Chances are, you don’t rotate your tires enough. It’s OK, we’re not judging. It’s just a fact. While we’re spitting facts, your tires should be rotated every 5,000 to 7,500 miles. A simple rule of thumb is to have your tires rotated whenever you come in for an oil change.
Maintaining proper tire pressure and regularly rotating your tires will greatly reduce tire wear, and guess what? Tire rotation is included in all of our Scheduled Maintenance Packages. Woohoo!
A tire rotation means switching tires from one position to another on your car. That might sound like a “no duh!” answer, but rotating your tires is an important part of car ownership. Usually we'll move the front tires to the rear, and the rear tires to the front. Sometimes the tires will also need to be rotated right to left and vice versa.
Tires tend to wear differently depending on the type of vehicle. Here's a rundown on how your car may wear down its tires:
Front-Wheel Drive (FWD) Vehicles – Since the front tires are the ones delivering power to the road and steering the vehicle, the front tires typically wear more quickly than the rear ones.
Rear-Wheel Drive (RWD) Vehicles – The rear tires transfer power to the pavement while the front tires are doing the steering. Because of this, all four tires may wear at a similar rate but with different wear patterns between front and rear.
All-Wheel Drive (AWD) Vehicles – While all four tires are providing power on the road, it's incredibly important to routinely rotate the tires on these vehicles.

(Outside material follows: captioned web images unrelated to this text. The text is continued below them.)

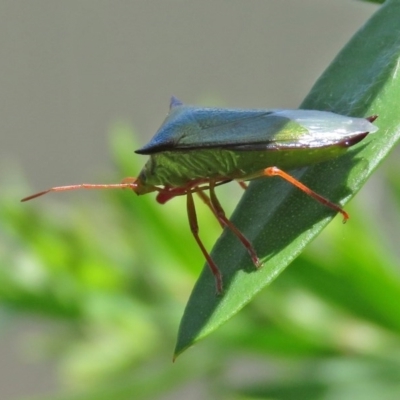 Vitellus sp. (genus) (Spined shield bug) at Macarthur, ACT - 20 Nov 2020 by RodDeb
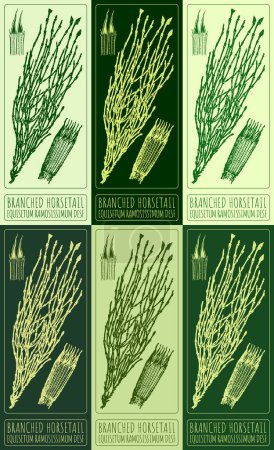 Set of vector drawing BRANCHED HORSETAIL in various colors. Hand drawn illustration. The Latin name is EQUISETUM RAMOSISSIMUM DESF.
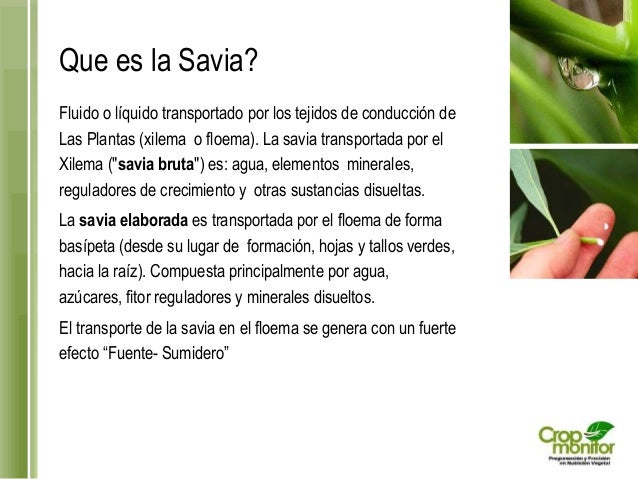 que es la sabia que es la sabia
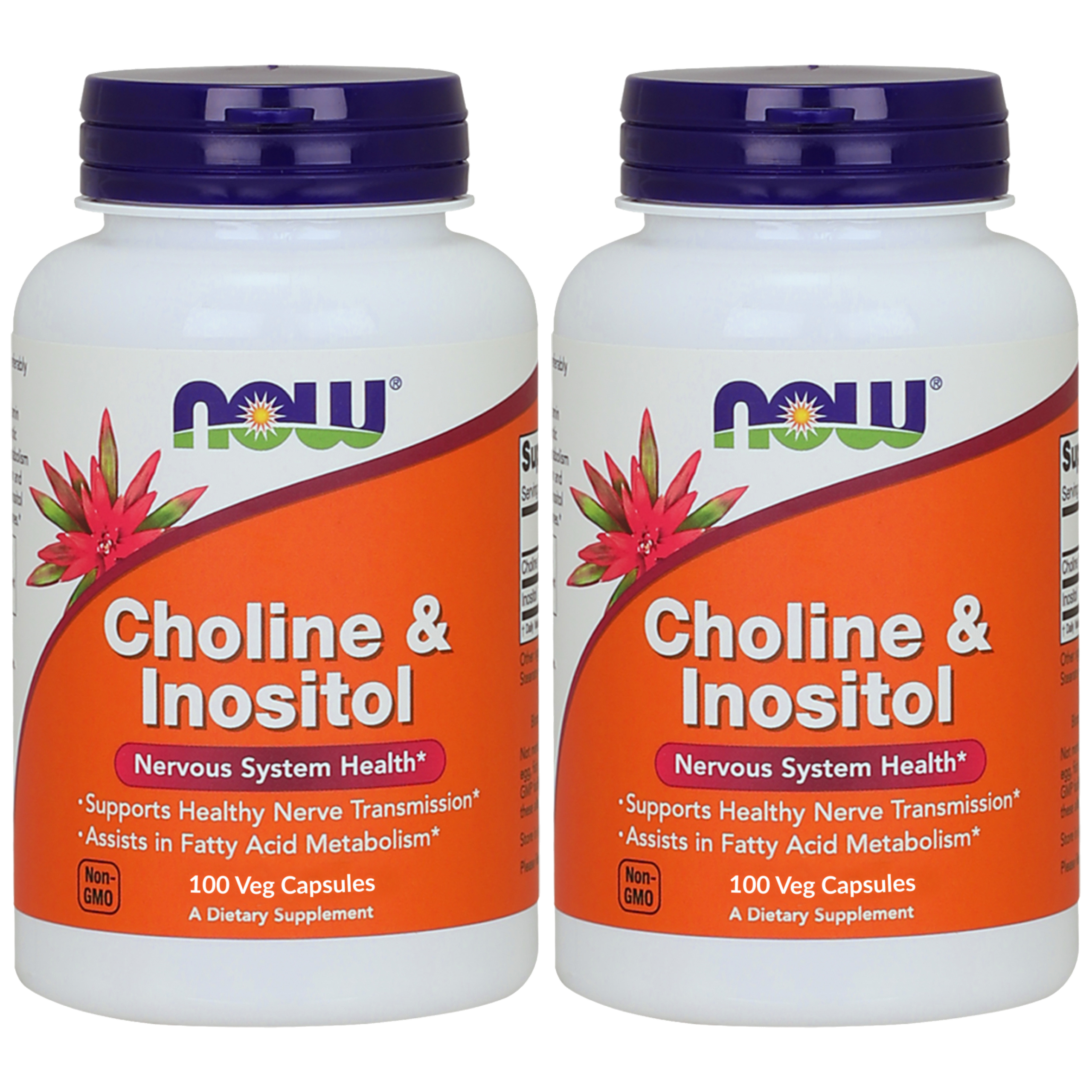NOW Choline and Inositol - 2x 100vcaps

Differences in tread depth between the tires place extra stress on the drivetrain.
Getting new tires is a pain. That’s why rotating your tires on a regular schedule at Brakes Plus is a great idea! Regular rotations will ensure all four of your tires wear down at a similar rate, extending their lifespan and ultimately saving you time and cash.
Tire rotations also help you maintain balanced handling on your car. For example, if your rear tires still have tread left while your front tires are bald, the vehicle could become much more difficult to control when the road is wet.
Last but not least, completing scheduled tire rotations is a requirement for most tire manufacturers to ensure warranties stay intact. That’s a biggie right there.